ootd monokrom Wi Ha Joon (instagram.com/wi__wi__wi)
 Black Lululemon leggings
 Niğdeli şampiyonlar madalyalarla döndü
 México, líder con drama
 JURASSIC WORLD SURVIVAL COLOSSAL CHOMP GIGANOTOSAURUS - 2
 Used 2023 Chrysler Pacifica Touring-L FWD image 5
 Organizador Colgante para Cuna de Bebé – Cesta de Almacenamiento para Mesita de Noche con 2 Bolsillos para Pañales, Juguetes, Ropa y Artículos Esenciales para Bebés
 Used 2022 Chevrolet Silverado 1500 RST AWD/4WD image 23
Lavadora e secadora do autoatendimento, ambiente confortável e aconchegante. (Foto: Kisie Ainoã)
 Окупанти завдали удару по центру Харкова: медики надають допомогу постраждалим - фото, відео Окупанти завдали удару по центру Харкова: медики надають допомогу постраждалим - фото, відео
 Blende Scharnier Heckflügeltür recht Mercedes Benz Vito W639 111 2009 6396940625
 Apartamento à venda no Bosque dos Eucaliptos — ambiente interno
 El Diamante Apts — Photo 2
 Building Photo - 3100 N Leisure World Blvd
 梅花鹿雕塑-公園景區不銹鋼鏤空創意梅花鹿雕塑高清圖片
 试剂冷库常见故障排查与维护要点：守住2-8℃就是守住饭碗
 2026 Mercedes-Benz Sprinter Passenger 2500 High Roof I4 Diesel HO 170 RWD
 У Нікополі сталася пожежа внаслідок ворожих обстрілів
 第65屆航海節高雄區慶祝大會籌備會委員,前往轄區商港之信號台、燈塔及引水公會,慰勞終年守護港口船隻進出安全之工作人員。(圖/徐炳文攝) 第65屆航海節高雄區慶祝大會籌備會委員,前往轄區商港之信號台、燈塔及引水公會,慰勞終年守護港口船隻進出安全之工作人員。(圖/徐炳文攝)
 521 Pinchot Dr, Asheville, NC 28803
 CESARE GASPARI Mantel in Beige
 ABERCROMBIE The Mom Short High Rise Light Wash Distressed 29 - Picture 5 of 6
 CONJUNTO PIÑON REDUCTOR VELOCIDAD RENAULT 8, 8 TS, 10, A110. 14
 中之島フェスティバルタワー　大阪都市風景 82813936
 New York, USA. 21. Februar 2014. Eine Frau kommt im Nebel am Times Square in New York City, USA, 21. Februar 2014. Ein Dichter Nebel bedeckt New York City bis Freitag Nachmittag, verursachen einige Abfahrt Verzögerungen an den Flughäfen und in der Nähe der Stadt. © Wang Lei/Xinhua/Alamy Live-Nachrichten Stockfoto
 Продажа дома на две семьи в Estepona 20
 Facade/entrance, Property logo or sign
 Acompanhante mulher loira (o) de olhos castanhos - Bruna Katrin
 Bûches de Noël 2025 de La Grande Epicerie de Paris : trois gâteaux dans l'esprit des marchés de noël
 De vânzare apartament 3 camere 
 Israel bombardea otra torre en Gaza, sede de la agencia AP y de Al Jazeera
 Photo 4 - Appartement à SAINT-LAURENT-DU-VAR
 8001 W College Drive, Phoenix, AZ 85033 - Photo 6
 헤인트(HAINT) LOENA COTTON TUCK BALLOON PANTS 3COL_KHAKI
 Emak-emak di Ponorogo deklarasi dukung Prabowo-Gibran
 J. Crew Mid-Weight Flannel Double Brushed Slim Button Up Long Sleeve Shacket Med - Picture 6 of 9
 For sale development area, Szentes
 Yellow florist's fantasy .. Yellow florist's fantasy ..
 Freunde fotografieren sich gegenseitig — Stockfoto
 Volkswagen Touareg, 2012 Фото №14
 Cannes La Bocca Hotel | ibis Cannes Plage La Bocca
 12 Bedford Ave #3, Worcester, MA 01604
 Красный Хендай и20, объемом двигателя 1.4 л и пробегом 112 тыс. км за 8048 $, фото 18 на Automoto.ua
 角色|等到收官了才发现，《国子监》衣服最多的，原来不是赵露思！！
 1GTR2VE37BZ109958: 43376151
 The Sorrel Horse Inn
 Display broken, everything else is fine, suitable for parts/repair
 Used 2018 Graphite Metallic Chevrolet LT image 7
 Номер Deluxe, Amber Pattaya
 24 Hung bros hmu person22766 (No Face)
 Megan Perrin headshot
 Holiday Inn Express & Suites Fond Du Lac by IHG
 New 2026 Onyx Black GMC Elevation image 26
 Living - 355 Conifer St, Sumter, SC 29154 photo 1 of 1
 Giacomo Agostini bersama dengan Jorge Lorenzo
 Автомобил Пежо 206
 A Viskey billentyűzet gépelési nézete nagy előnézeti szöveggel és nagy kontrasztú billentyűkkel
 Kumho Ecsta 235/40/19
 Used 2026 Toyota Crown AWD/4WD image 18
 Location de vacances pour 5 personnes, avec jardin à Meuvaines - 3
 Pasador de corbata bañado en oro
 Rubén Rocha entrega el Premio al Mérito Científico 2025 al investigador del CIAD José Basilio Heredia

## Assignment
From the line that has "Yellow florist's fantasy .. Yellow" through the line that has "Used 2026 Toyota Crown AWD/4WD image 18", copy every line exactly as it appears above, and leave out all others.

## Solved exercise
 Yellow florist's fantasy .. Yellow florist's fantasy ..
 Freunde fotografieren sich gegenseitig — Stockfoto
 Volkswagen Touareg, 2012 Фото №14
 Cannes La Bocca Hotel | ibis Cannes Plage La Bocca
 12 Bedford Ave #3, Worcester, MA 01604
 Красный Хендай и20, объемом двигателя 1.4 л и пробегом 112 тыс. км за 8048 $, фото 18 на Automoto.ua
 角色|等到收官了才发现，《国子监》衣服最多的，原来不是赵露思！！
 1GTR2VE37BZ109958: 43376151
 The Sorrel Horse Inn
 Display broken, everything else is fine, suitable for parts/repair
 Used 2018 Graphite Metallic Chevrolet LT image 7
 Номер Deluxe, Amber Pattaya
 24 Hung bros hmu person22766 (No Face)
 Megan Perrin headshot
 Holiday Inn Express & Suites Fond Du Lac by IHG
 New 2026 Onyx Black GMC Elevation image 26
 Living - 355 Conifer St, Sumter, SC 29154 photo 1 of 1
 Giacomo Agostini bersama dengan Jorge Lorenzo
 Автомобил Пежо 206
 A Viskey billentyűzet gépelési nézete nagy előnézeti szöveggel és nagy kontrasztú billentyűkkel
 Kumho Ecsta 235/40/19
 Used 2026 Toyota Crown AWD/4WD image 18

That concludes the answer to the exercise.